The series stars Rosa Salazar (Alita: Battle Angel) as Alma Winograd-Diaz, a young woman wiling away her late twenties worried the world has nothing left to offer her. She bristles at her sister Becca’s (Angelique Cabral) engagement to the nice but kind of insipid Reed (Kevin Bigley), and frequently picks arguments with her mother Camila (Constance Marie) about what she still doesn’t know about the death of her father Jacob (Bob Odenkirk) when she was still a child. Alma is at a crossroads when the series begins, her relationship with Sam (Siddarth Dhananjay) works but she’s concerned about its longterm prospects given her family’s history with mental illness (her grandmother was schizophrenic). As such, Alma has a tendency to self-sabotage, as a way of keeping the those she cares about at arm’s length, lest they get caught up in her fate that is as yet undetermined.
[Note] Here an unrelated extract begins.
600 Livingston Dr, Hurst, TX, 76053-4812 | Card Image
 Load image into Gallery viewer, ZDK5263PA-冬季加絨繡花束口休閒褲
As good as the series is at making complex theoretical concepts more understandable to the layperson, Undone is even better at juggling multiple story threads and making them work in conjunction with one another, even as its jumping backwards and forwards through moments in Alma’s past and present. That unique structure is amplified by the rotoscoped animation, which takes the actor’s performances and takes it to another level. (Think Salazar’s performance in Alita but with a more painterly approach to its artistry.) The result is a series that, like Richard Linklater’s A Scanner Darkly or Waking Life, uses its visual presentation as a means of layering a graphic interpretation of some fairly out-there concepts over the performances of its cast.
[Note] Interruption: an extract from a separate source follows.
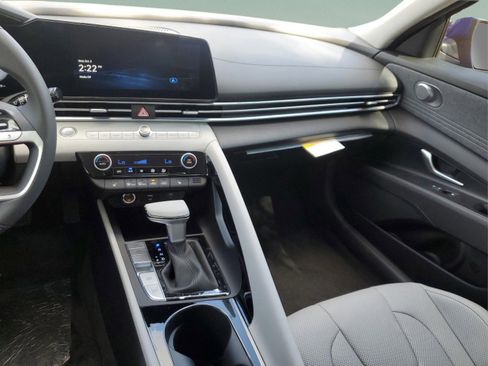 Used 2025 Hyundai Elantra Limited image 28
What’s striking about Undone is that, even when it’s angling to send its protagonist into the past to undo the tragic fate of her father, it never loses sight of its character’s humanity and the sometimes contradictory emotions that come along with that. Alma’s true journey begins in the wake of a car accident that seemingly awakens her ability to perceive time and reality differently from everyone else. It also brings her father into the fray as both a kind of spirit guide and a potential endpoint for her quest. Jacob died in a mysterious car wreck years prior and now he tells his daughter she can unlock the mystery behind his death through the power of quantum entanglement. Through it all, however, Undone takes steps to see Alma’s journey through the eyes of those around her, especially as her increasingly distracted, possibly erratic behavior begins to resemble that of her grandmother as she was in the early stages of schizophrenia.
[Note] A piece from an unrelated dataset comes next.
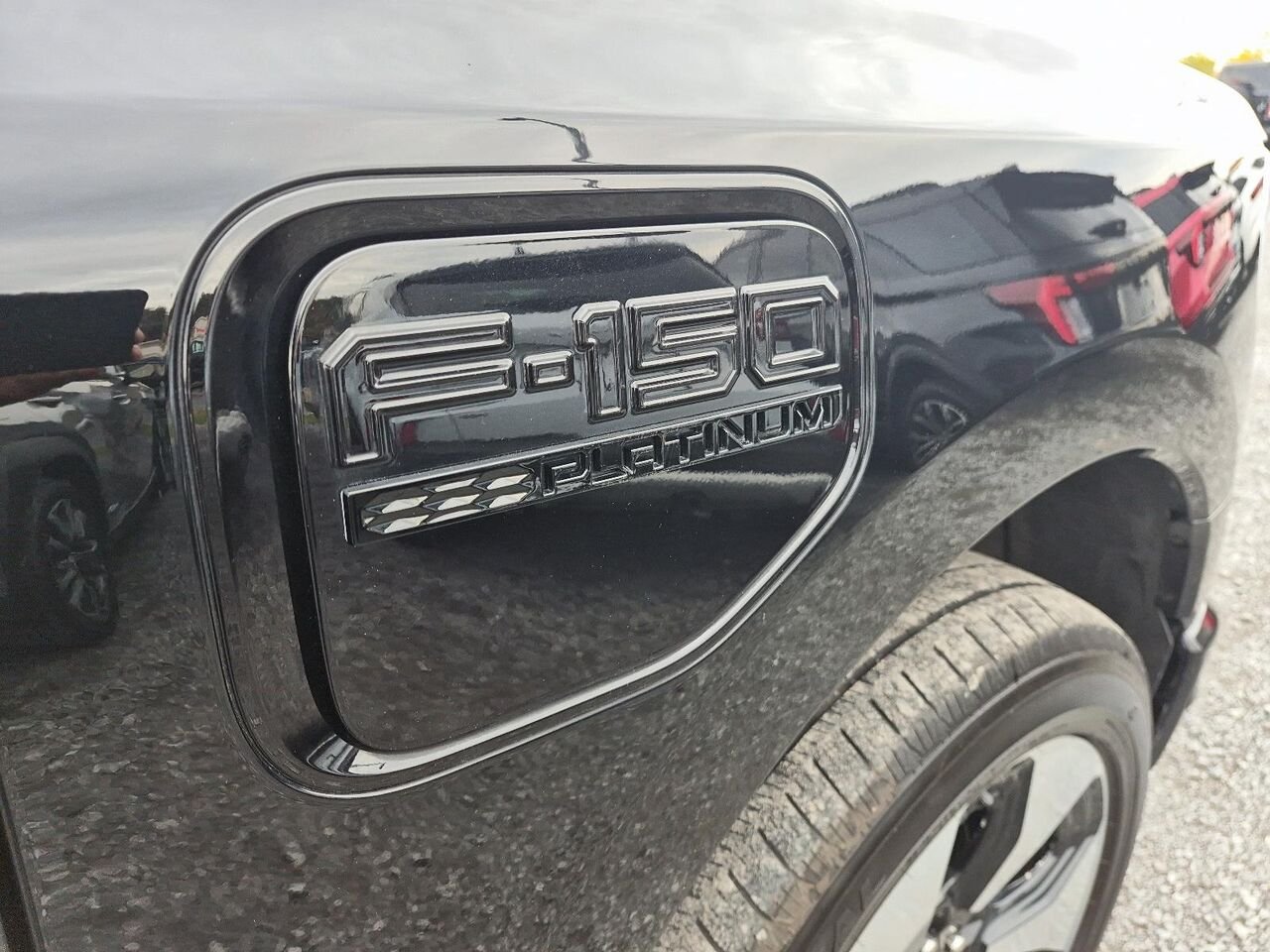 2023 Ford F-150 Lightning Black Saint-Jérôme - photo #5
To say more about the plot would be to give away too much of what the show hopes to accomplish, both in terms of its lofty ambitions with regard to quantum entanglement and theoretical physics, and its approach to addressing concerns of mental illness. Rest assured, however, that while Purdy and Bob-Waksberg occasionally appear as if they’re rocking the boat on either front, Undone always manages to right the ship. The series is neither too complex nor too facile in its presentation of heady theoretical ideas, and it’s treatment of mental illness — though at times a little too super power-y, a la Homeland — mercifully refrains from going full Carrie Mathison.
At just 30-ish minutes a piece, the eight-episode season is a fast and satisfying binge-watch, one that rewards viewers time and again with not only gorgeous visuals but also some fascinating ideas. The series’ hallucinogenic nature is also one of its greatest strengths, as it allows Alma, her father, and the supporting characters to move back and forth through a sometimes phantasmagorically lush setting, without sacrificing believability or its emotional weight.
Undone streams exclusively on Amazon beginning Friday, September 13.